John Cairney's doctoral thesis in 1994 dealt with the theatricality of Robert Louis Stevenson concentrating on the Stevenson plays and on the many facets this Scottish Victorian presented to the world. The Stevenson lectures are drawn from this source.
Books on Stevenson by John Cairney
'A Child's Garden of Verses' with John Cairney and Alannah O'Sullivan
Original music by Geoff Davidson. REL RECS 481 (1986)

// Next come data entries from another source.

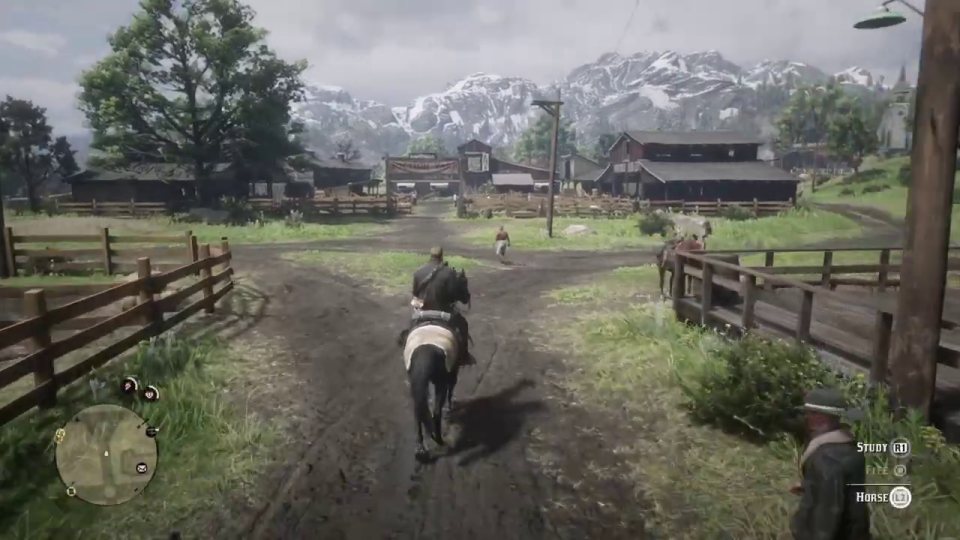Even the horses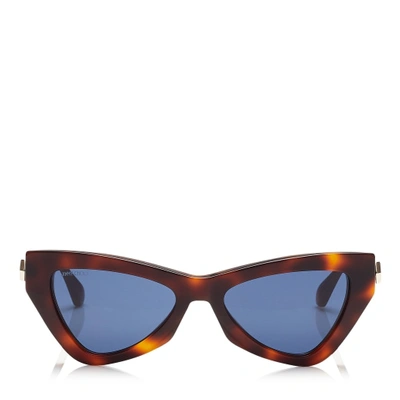 Jimmy Choo Donna Blue Avio Cat Eye Sunglasses With Havana Frame In Multi
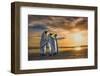 King penguins at sunrise, Falklands Islands-Wim van den Heever-Framed Photographic Print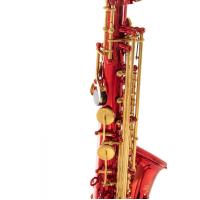 Roy Benson AS-202R Alto Saksafon
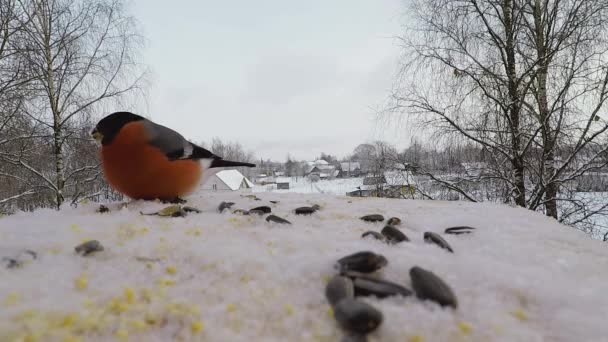 Κακκινολαιμής pecks σπόρους στο πουλί τροφοδότη το χειμώνα — Αρχείο Βίντεο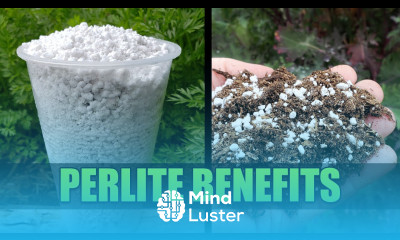 Perlite For Your Garden Garden Quickie Episode 47
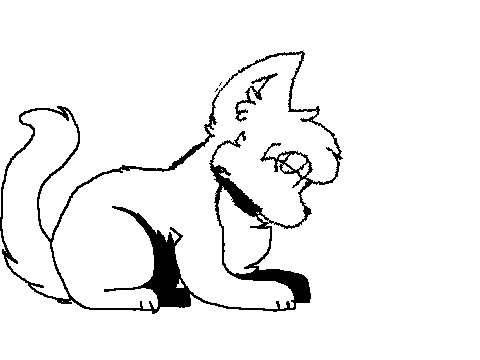 animation test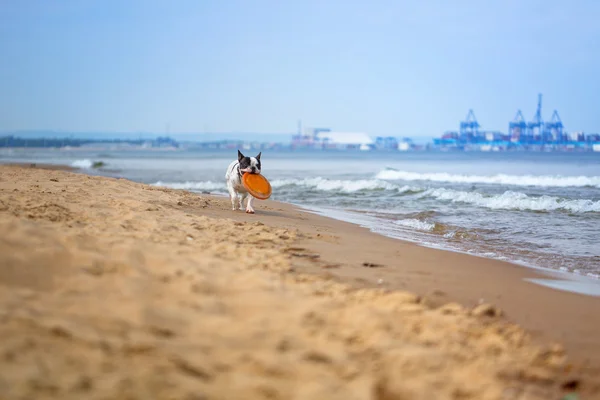 在海滩上的法国斗牛犬 — 图库照片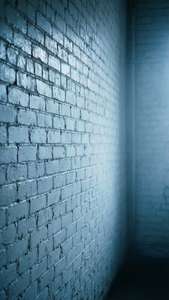 Moody Blue White Brick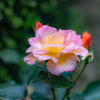 庭に植えたローズフェスタの薔薇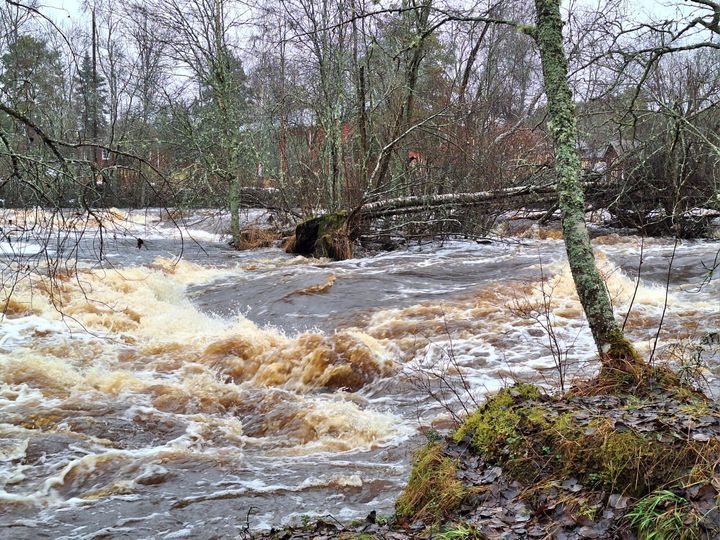 Vesitilannetta Lapväärtin-Isojoen Peruksessa 27.11.2024.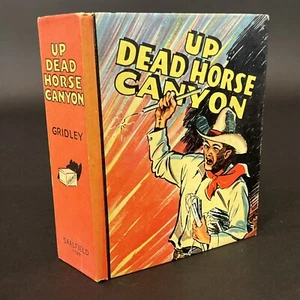 Vintage 1940 UP DEAD HORSE CANYON 1189 Big Little Book SAALFIELD PUBLISHING - Picture 1 of 8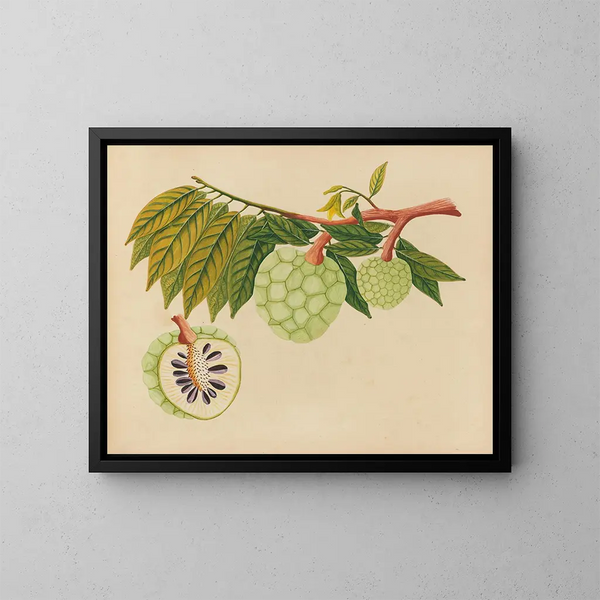 Album van aquarellen van Aziatische fruit en bloemen Pl22 - Anoniem — ingelijst kunstwerk aan de muur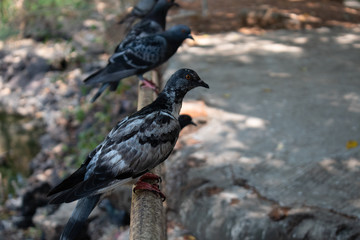 pigeons on the fence in the park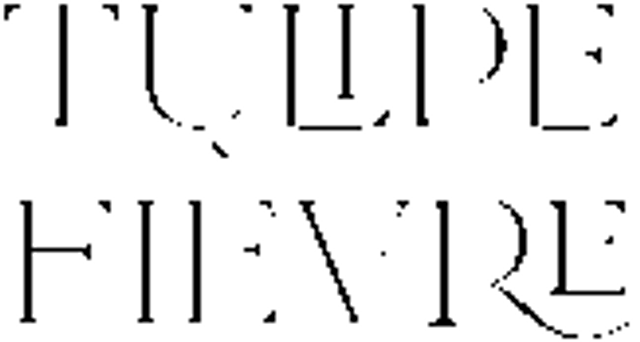 Tulipe Fievre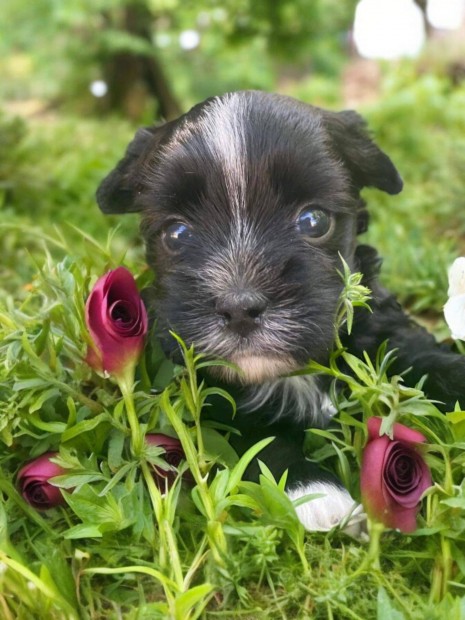 Black Yorkshire terrier, Yorki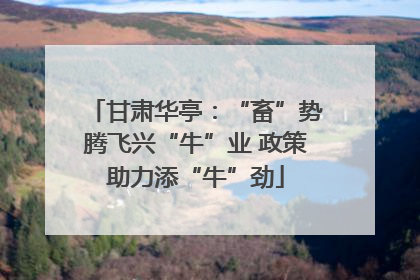 甘肃华亭：“畜”势腾飞兴“牛”业 政策助力添“牛”劲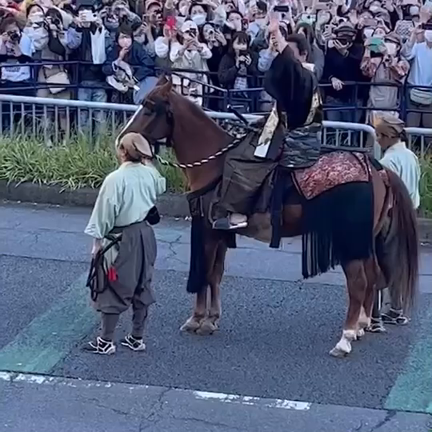 頂きものですがの記事動画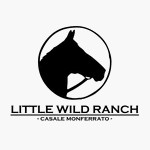 logo della little wild ranch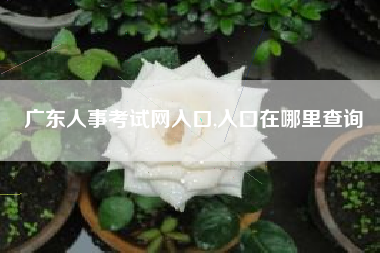 广东人事考试网入口,入口在哪里查询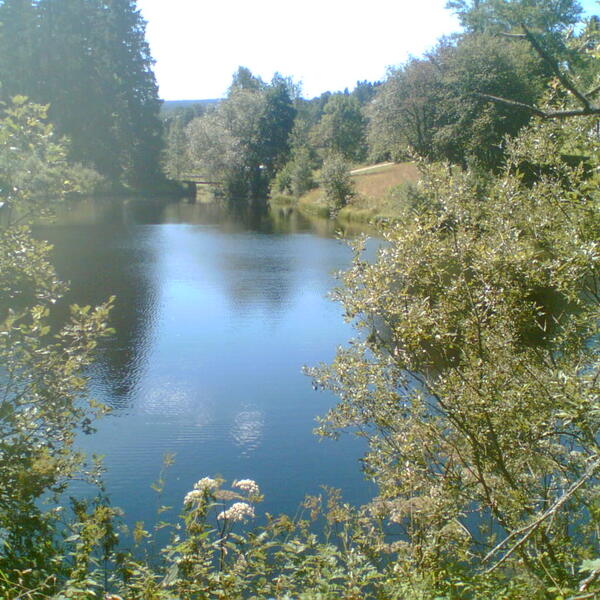 Landgasthof Schmitt & Pension Gemsennest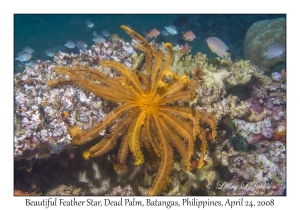 Beautiful Feather Star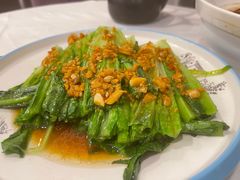 特色捞起油麦菜-海宝酒家(中山四路店)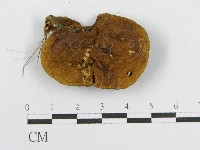 登錄號:F0016365藏品圖，第3張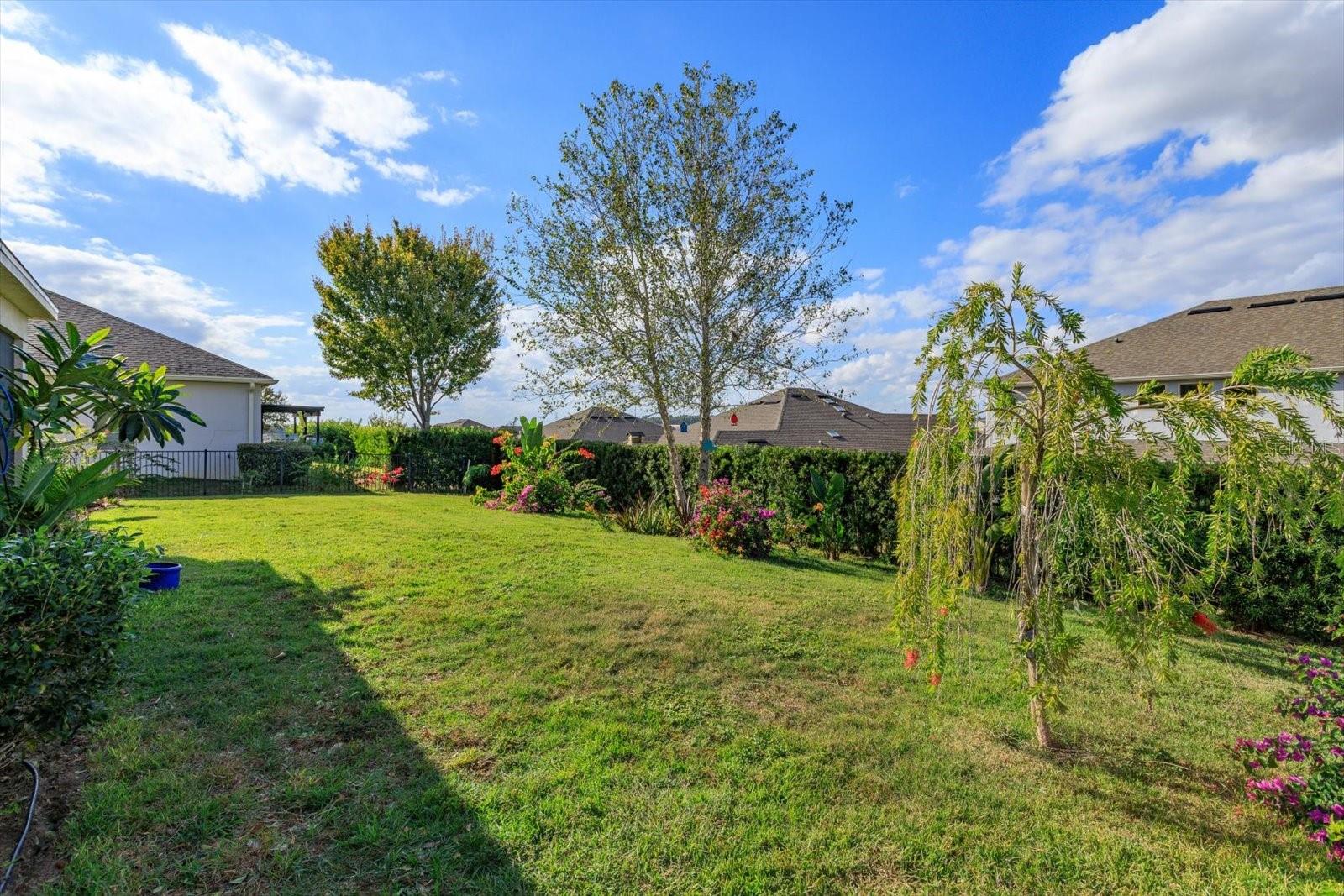 2376 TIMBERHILL CT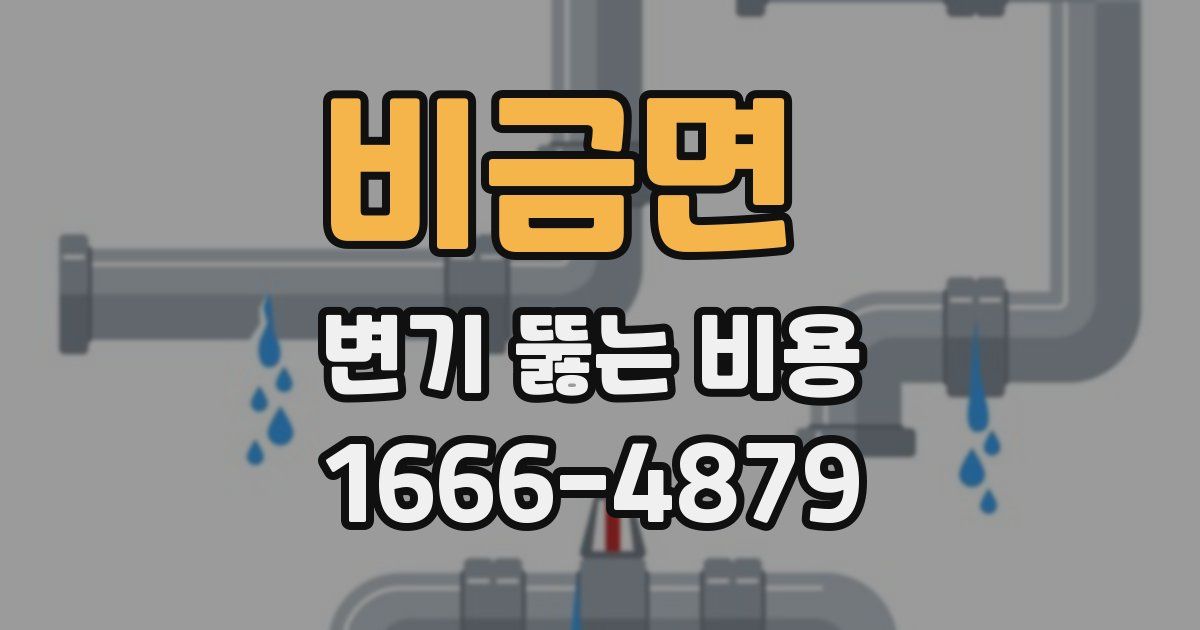비금면 변기 뚫는 비용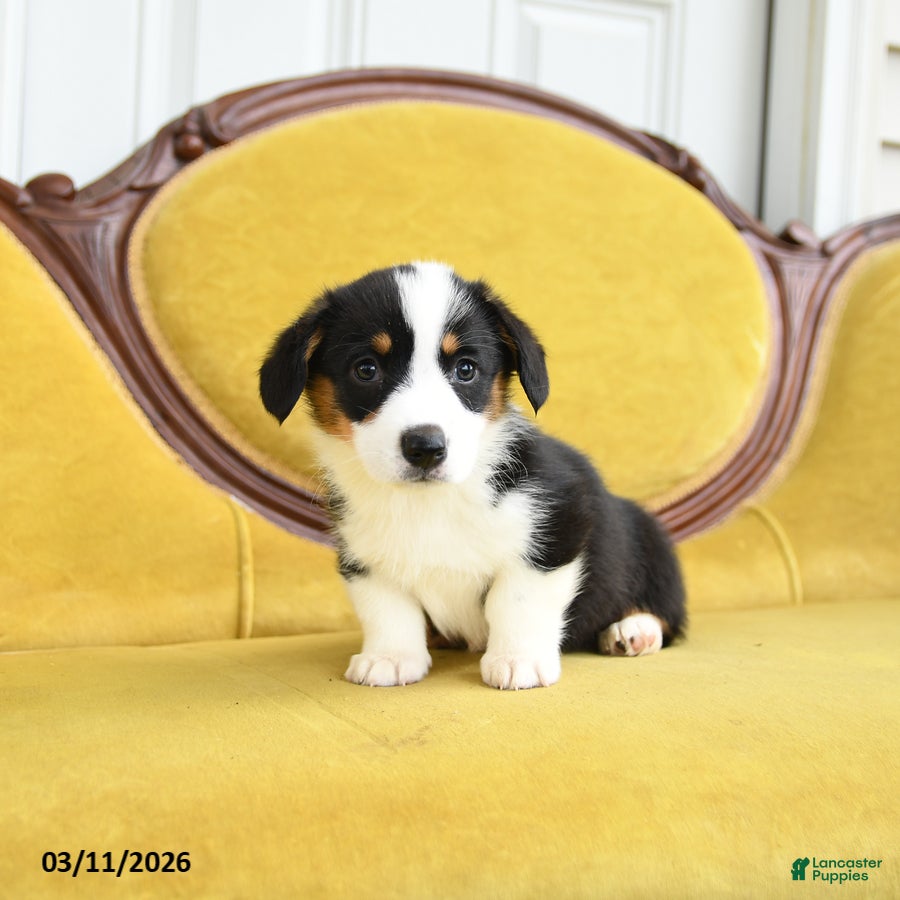 Welsh Corgi Pembroke dogs Tiffany - Ad 2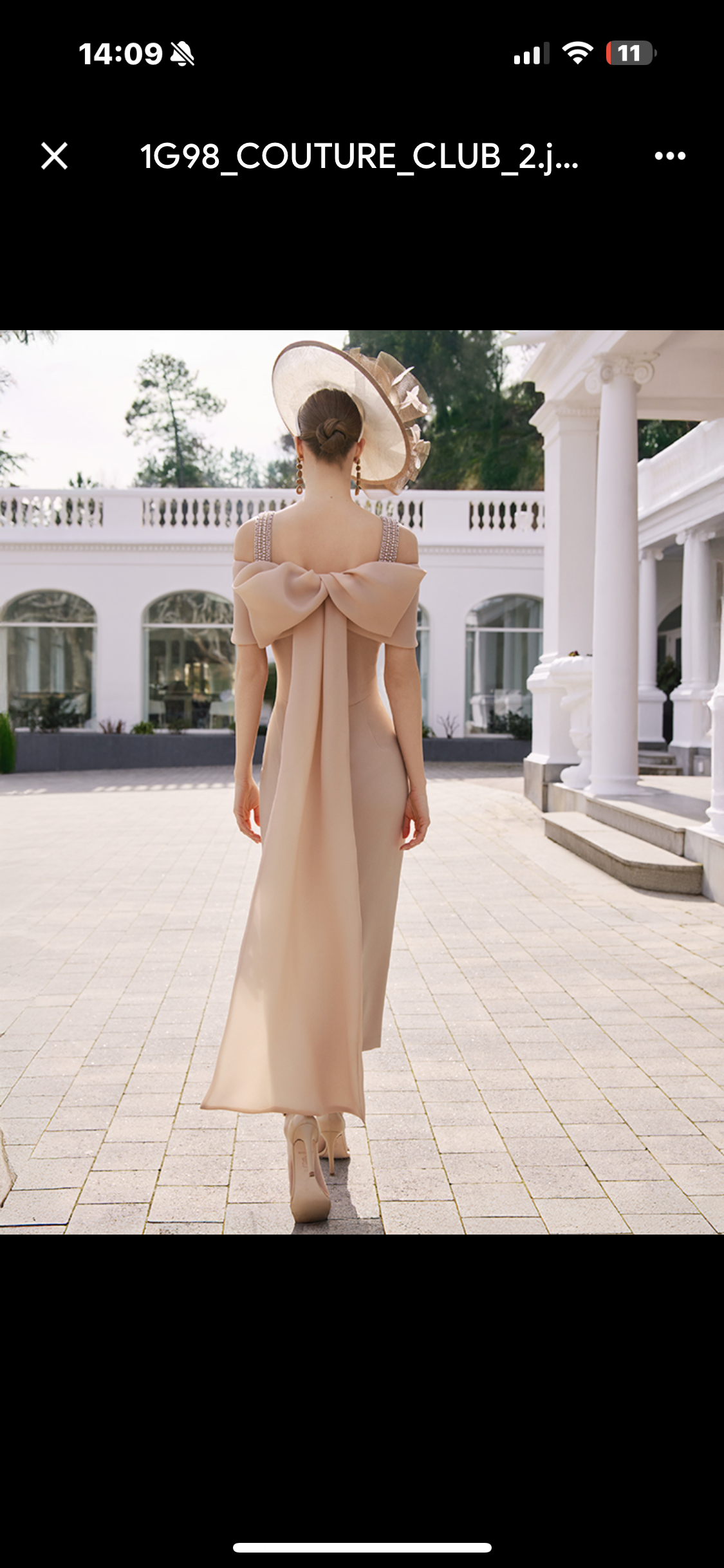 Mother of the bride and groom/special occasion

Robert Louis Stevenson - John Cairney's Bio
John Cairney first played Robert Louis Stevenson in a solo presentation entitled 'Mr R.L.S' for the Solsgirth Theatre Club near Glasgow in 1973 to commemorate Stevenson's birthday on 13 November. The production, directed by Douglas Gray, who also designed the sound effects, was more a work in progress than a finished script as Cairney was then working with Scottish writer, Alanna Knight, on an ensemble version of the Stevenson story, entitled 'The Private Life and Public Face of Robert Louis Stevenson', which was based on Mrs Knight's novel, 'The Passionate Kindness' (Milton Rouse Books 1974).
This theatre version was premiered in the following year at the Aberdeen Arts Festival and repeated in the same year's Edinburgh International Festival when it opened the Royal Lyceum Studio Theatre under the direction of Clive Perry. This production also featured actors Leonard Maguire, Rose McBain and John Sheddon. Later productions of this script were also given at the Netherbow Arts Centre and the Demarco Gallery in Edinburgh. The script was published by Wilfion Books of Paisley in 1984.
Cairney, meantime, had joined with New Zealand actress, Alannah O'Sullivan, at the Edinburgh Festival of 1978 and for their lecture tour of the United States in 1979, he prepared a second version of his solo Stevenson under the title 'Mr and Mrs R.L.S' for their own company, Shanter Productions, with which they followed in the footsteps of Stevenson himself from Edinburgh to St. Andrews (at the famous Byre Theatre) then, in 1980, to New York, San Francisco, Houston and Hawaii under the auspices of the Keedick Lecture Bureau. Excerpts from this script featured in their Theatre Miscellany programme, 'Two For A Theatre', in tours for the British Council and cruises for P&O until 1985 when they returned to live and work in Glasgow.
An upshot of this Stevenson repertoire was the recording both artists made of 'A Child's Garden of Verses' for REL Records in Edinburgh in 1986 with original music by Geoff Davidson. This cassette stills sells today and remains a tangible tribute by working actors to the continuing fascination of a Victorian writer's way with words and how very modern he remains.
In 1988, Cairney took his M.Litt degree at Glasgow University on 'The History of Solo Theatre' and in doing so utilised his R.L.S. solo script as a working specimen of the genre. This academic development was further pursued when Cairney began on a doctoral thesis for Victoria University at Wellington in 1991 on the relationship between Stevenson and the Performing Arts. This work resulted in Cairney's being duly awarded his PhD for 'The Theatrical R.L.S.' in July 1994. Cairney also won a gold medal for his radio play, 'A Scotch Tusitala' in the Radio New Zealand Mobil awards.
The first Scottish Festival in Wellington in that same year and featured Dr Cairney's return to the solo Stevenson as an actor in 'Mr RLS' at the New Zealand National Library's lecture theatre - and he was back where he started in 1973. John Cairney has come a long way with Stevenson since then, but he has not finished with his subject yet. ‘There is a great film to be made of Stevenson's life, especially in the Pacific years,’ he says. ‘That should be the next step.’